One of the things I frequently come up against is the split of the readers and writers in this world (which is still fairly brave and new to me, but perhaps not to many of you). Obviously there's a whole lot of the developer types, and it's so exciting to see the vibrant community they have built and the relationships they have with each other. (I have a confession to make... I didn't know who Don Box was untill I started reading blogs.)

But unfortunately there aren't many of us who blog about IT issues (inside the company or out), at least that I have seen. I saw this post from Jonathan Hardwick that reminded me of a couple of things I've been meaning to talk about:

#1: MOM is a great product and the management pack for Exchange 2003 is available for free, which is nice.
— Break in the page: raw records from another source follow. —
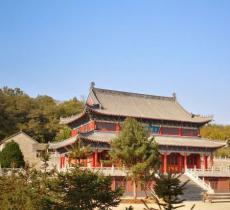 龙凤寺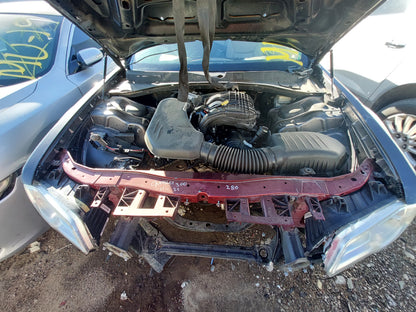 2015 CHRYSLER 300 - STOCK #M18804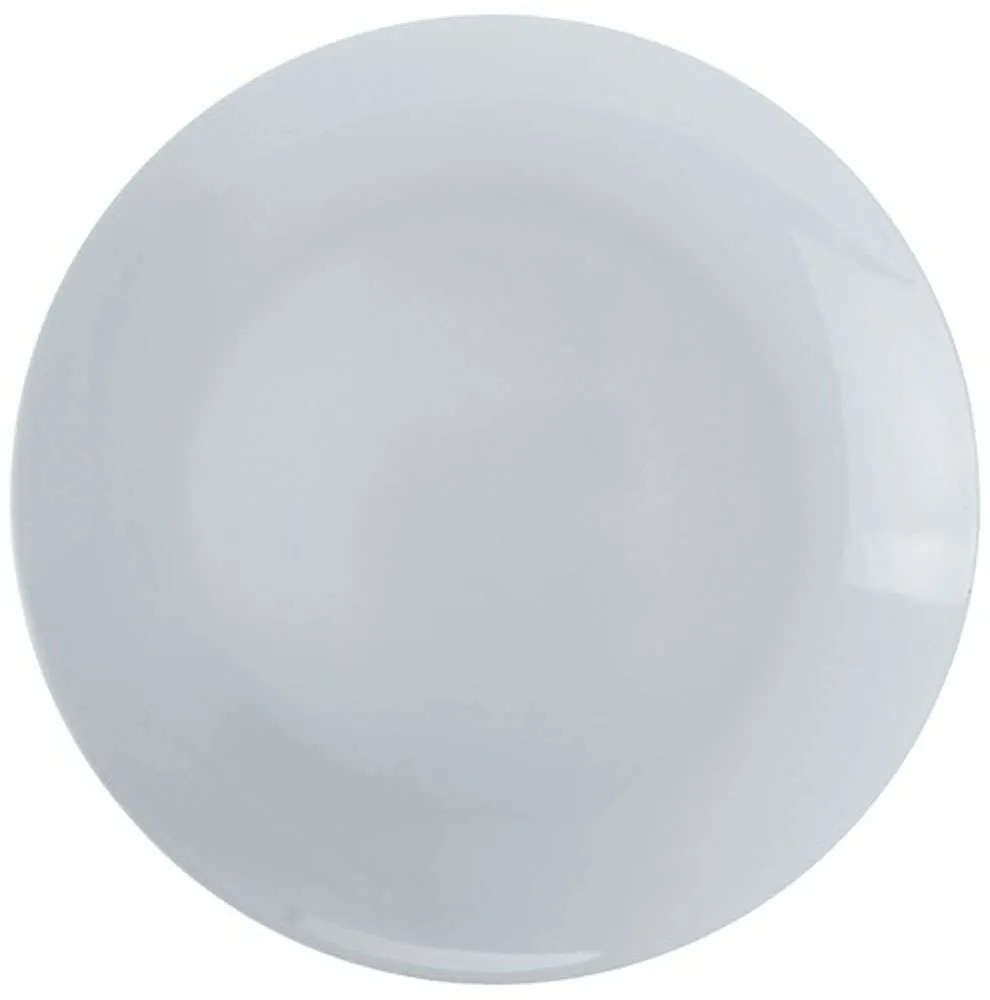 Πιάτο Γλυκού Coupe Cashmere Bone BC1894 16cm White Maxwell &amp; Williams Ceramic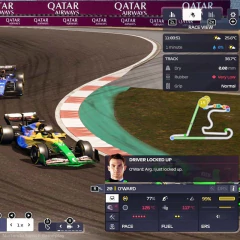 F1 MANAGER 2024 PS5 DIGITAL PRIMARIA - comprar online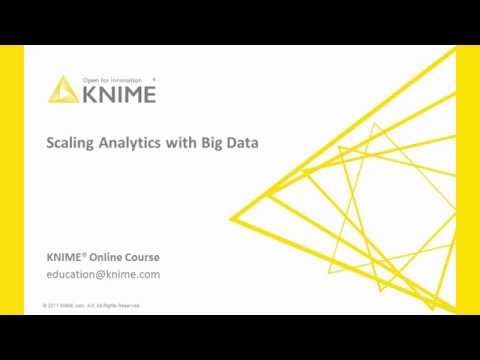 Data Climber: Scaling the Peaks of Big Data Analytics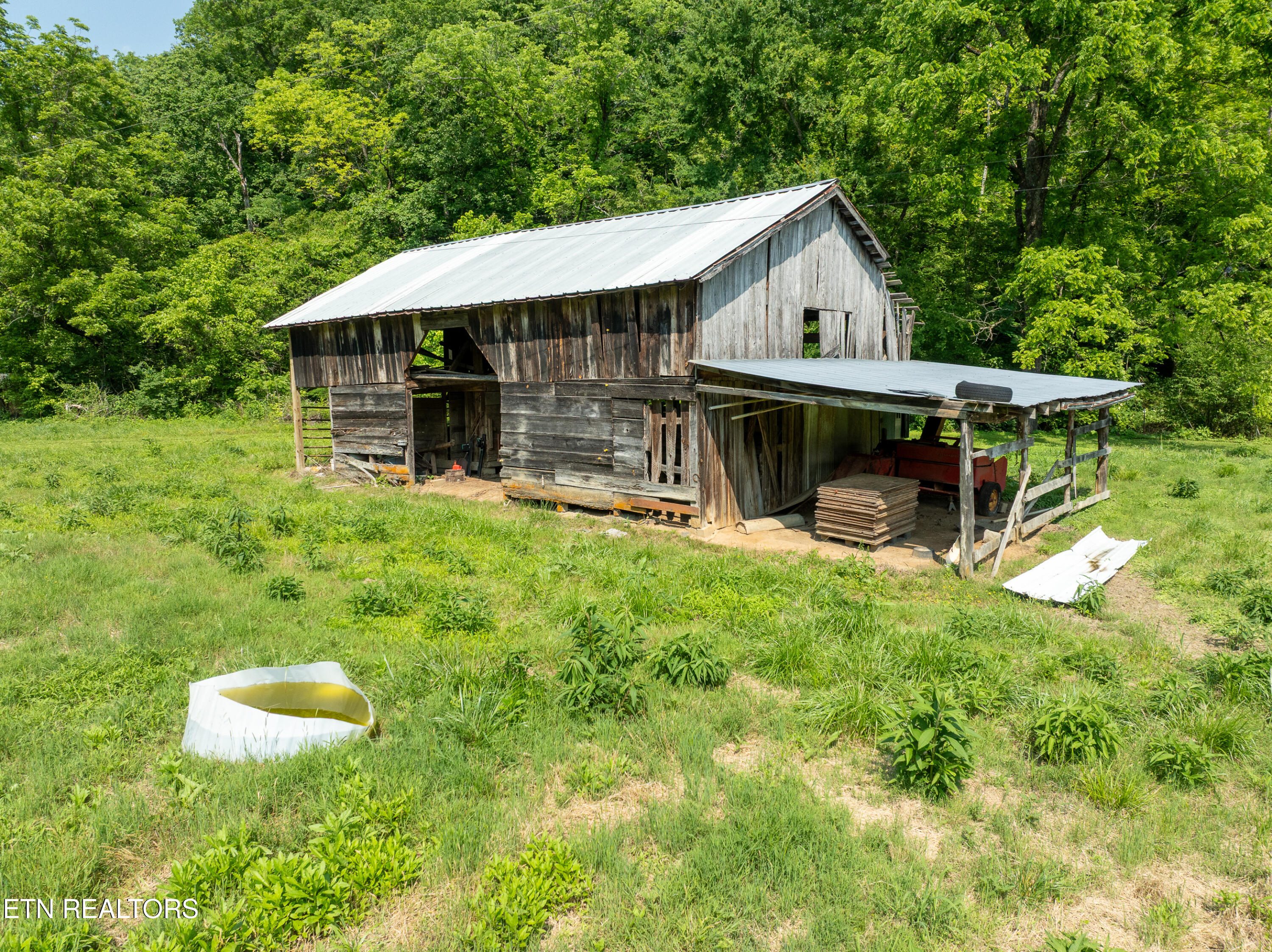 468 Rudd Road Townsend TN 37882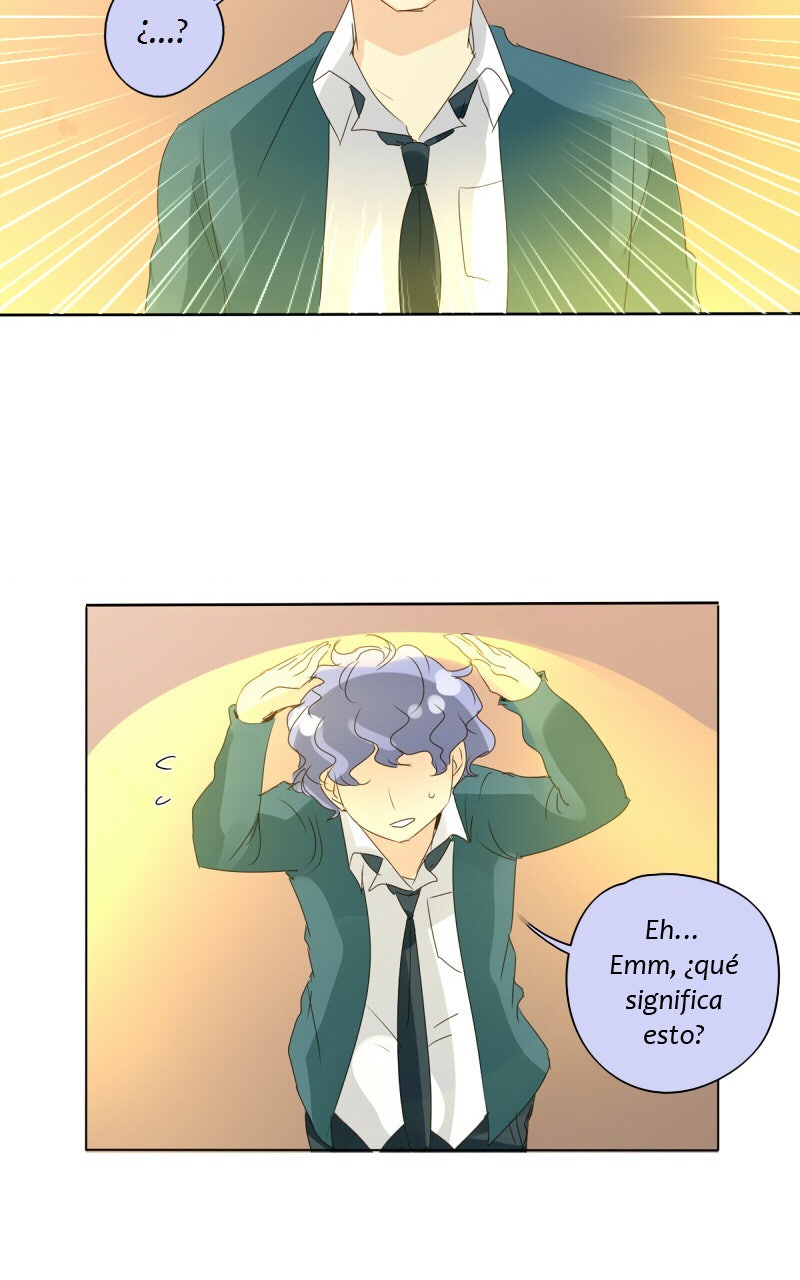 Read extraOrdinario ES Manga Online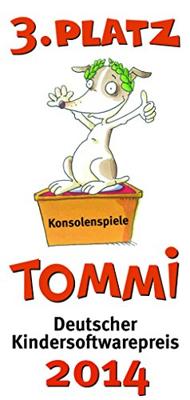 Skylanders Trap Team - Torch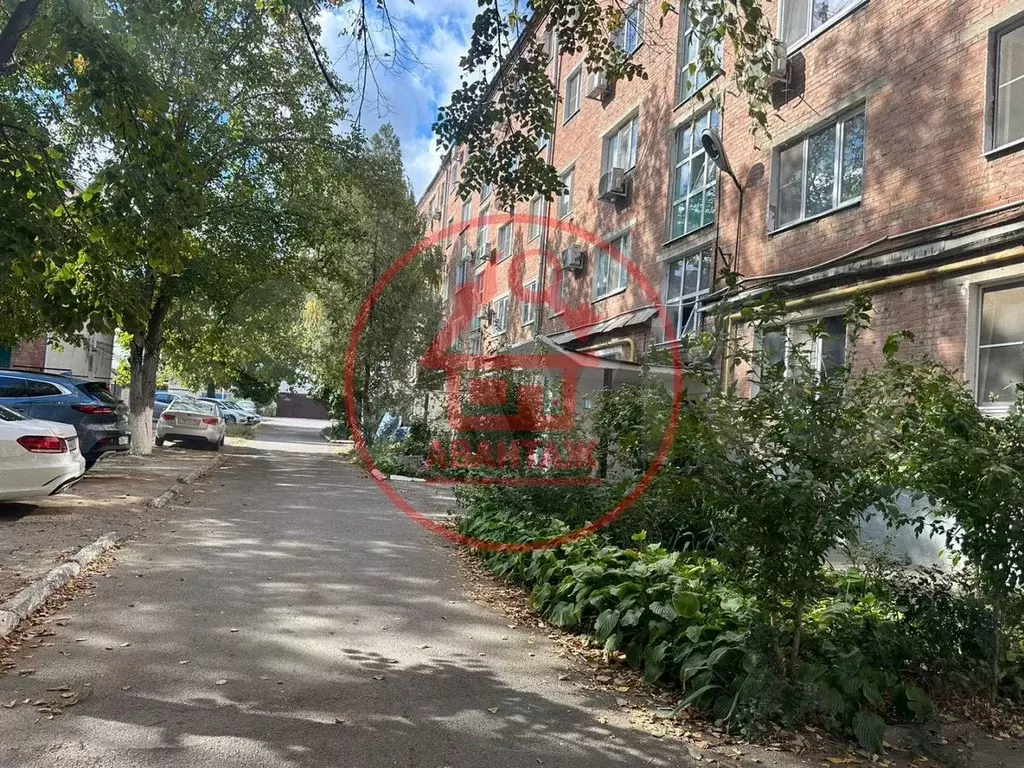 1-к. квартира, 35,2 м, 2/5 эт. - Фото 0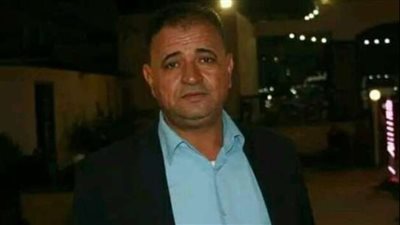 القصة الكاملة لموت أب في زفاف نجليه بقاعة بالبحيرة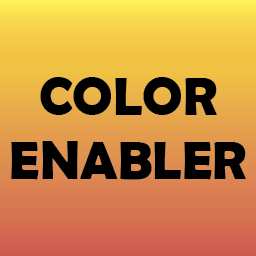 Crab_Hub-ColorEnabler icon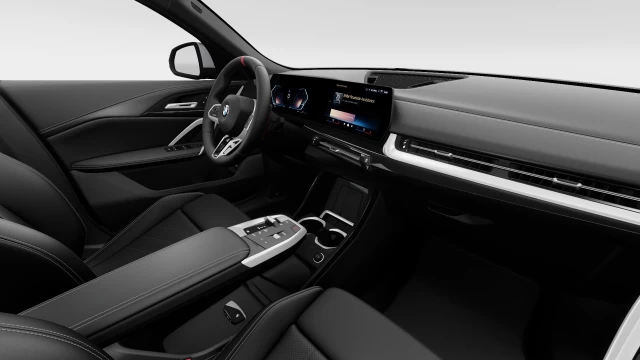 BMW X2 xDrive28i 2025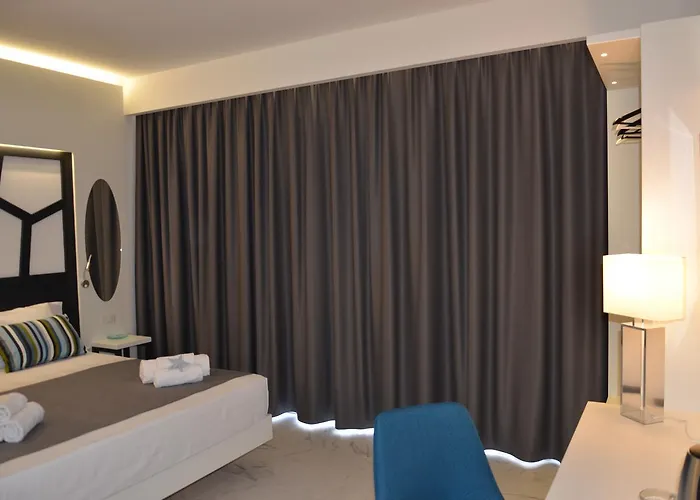 Centurio Luxury B&B 4*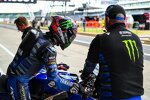 Alex Rins (Yamaha) 
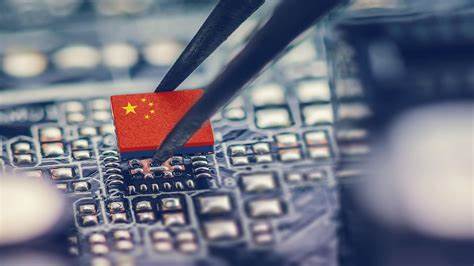 China Tech Alive And Well: JPMorgan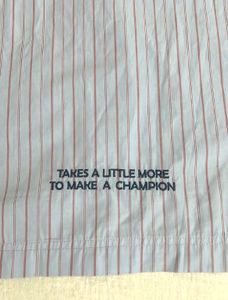 Zara X Champion Shirt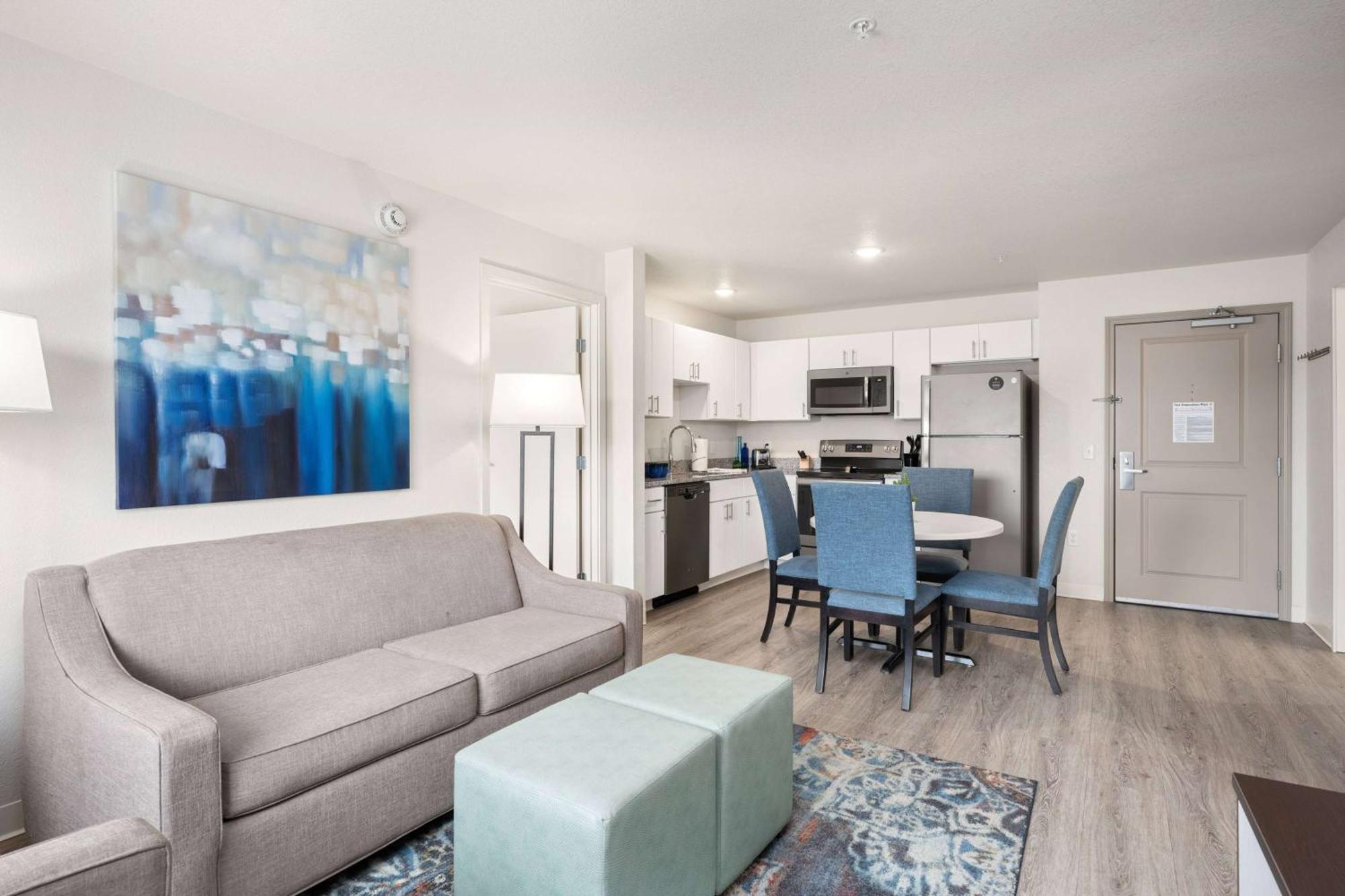 Waterwalk Extended Stay By Wyndham Minneapolis - Plymouth Buitenkant foto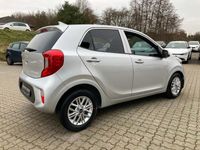 brugt Kia Picanto 1,0 Prestige Upgrade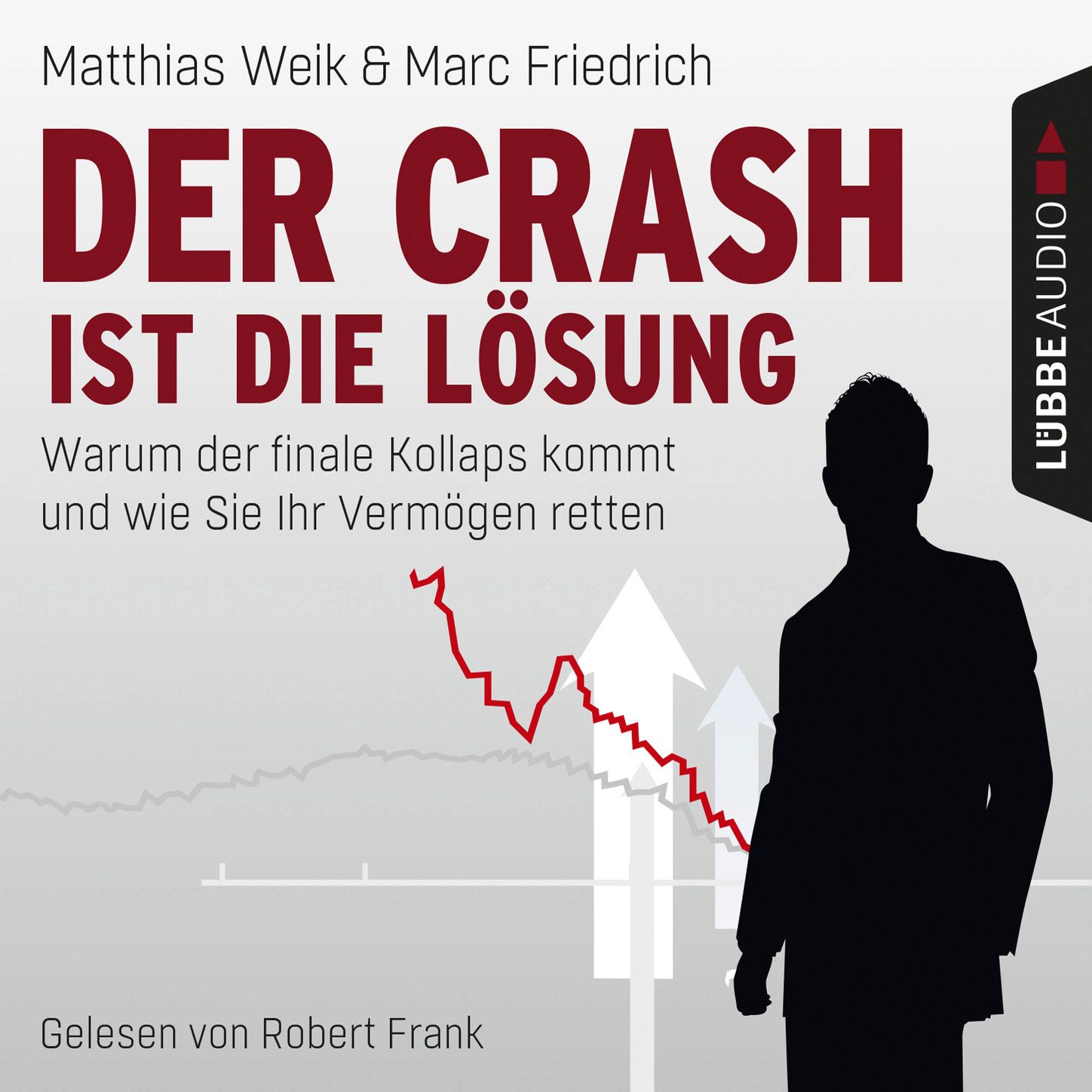 Der Crash ist die Lösung - Warum der finale Kollaps kommt und wie Sie Ihr Vermögen retten, Kapitel 84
We had a team of folks working diligently throughout the Exchange 2003 product cycle to add logic in the e2k3 management pack that notifies administrators when care and feeding of the Exchange servers is needed. Jim was an intern on the management pack last summer (BTW, Jim, I was working on a different project last summer, which is probably why we never met... in the ship party photo I'm one of the leftmost people in black shirts and I'm the only one holding a 3 week old, if that helps ;-).

#2: If you blog about IT-related issues (let's limit it to server technologies for the moment, since OfficeZealot already does such a great job aggregating office blogs), add a comment here with a link to your blog. I'd like to at least get a list started, and then I'll figure out what to do with it.